Never skip an open end.
Der wievielte Reisetag? Ich muss im Blog nachschlagen. Tag 102. Die Stadt erwacht.
Lieber Irgendlink, willkommen zurück in der Welt der überdachten Unterkünfte und tickenden Armbanduhren. Es ist großartig und spektakulär, was du geschafft hast und ich habe dich manches Mal in Gedanken begleitet, wenn ich am liebsten alles hinter mir lassen wollte, wenigstens für eine Weile. Nun, die einen träumen davon, die anderen tun’s. Respekt vor deinem Mut und Durchhalten, auch wenn deine Rückkehr offenbar zwiespältige Gefühle auslöst. Erhol dich gut von deiner Erschöpfung, sei stolz auf dich! Gratulation zum Abschluss dieser ungewöhnlichen Reise. :-)
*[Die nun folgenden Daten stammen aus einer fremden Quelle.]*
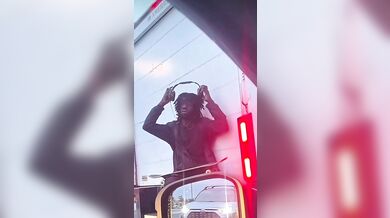 Jízda skateboardisty za dodávkou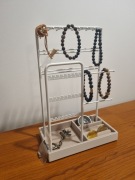 Stojak na biżuterię Organizer Metalowa Rama Aksamitna Podstawa Songmics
noch ist alles offen… so lese ich es wenigstens, wäre doch gut die Kunststraße zuende zu führen oder nicht?
eine gute Zeit dir und SoSo
Ach Irgendlink. Noch glaube ich nicht an das Ende – denn das Ende ist erst, wenn es Gut ist, oder?
Aber: ehrlich gesagt macht mich der Schluß des Textes trotzdem so abschiedstraurig … Die Andeutung einer Träne begleitet Dich und Deine Liebste in eurem Urlaub. Und ganz viele gute Wünsche.
Emil, die guten Wünsche kann ich gut brauchen. Danke dafür.